Dean Acheson, former Secretary of State and one of JFK's top advisors, observed that Kennedy "did not have incisiveness and he was out of his depth where he was. I hate to say this because I know it's going to be misunderstood, but his reputation is greater because of the tragedy of his death than it would have been if he had lived out two terms...he did not seem to me to be in any sense a great man. I did not think that he knew a great deal about any of the matters which it is desirable that a Chief of State or a President of the United States should know about. He was not decisive."

To quote from Professor Thomas Reeves, "During the Thousand Days, Kennedy arrogantly and irresponsibly violated his covenant with the people. While saying and doing the appropriate things in the public light, he acted covertly in ways that seriously demeaned himself and his office."

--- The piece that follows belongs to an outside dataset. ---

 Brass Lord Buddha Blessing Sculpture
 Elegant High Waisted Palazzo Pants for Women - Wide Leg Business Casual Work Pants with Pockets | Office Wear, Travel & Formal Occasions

With the appointment of his brother as attorney general, he tried to found a political dynasty, abhorred by the Founding Fathers. "The metaphor of Camelot, after all, is ultimately un-American and undemocratic, conjuring up images of crowns and dashing young princes and noble birth."

The Dark Side of Camelot by Seymour Hersh, Little Brown. 1997, defines JFK as a lout, a cad, a boor, an oaf, a schemer, a liar, a blackmailer and a reckless gambler with the nation's security, its integrity and its institutions. Kennedy was a man thoroughly out of control, thoroughly out of his depth, and maybe thoroughly out of his mind.

Kennedy wasn't just the Hoodlum Prince of Camelot, he was the incarnation of Sodom and Gomorrah.


REEVES -- A Question of Character by Thomas Reeves, NY:Free Press, 1991

An excellent book is John F. Kennedy's 13 Great Mistakes in the White House, by Malcom Smith, Smithtown, NY:Suffolk house, 1980.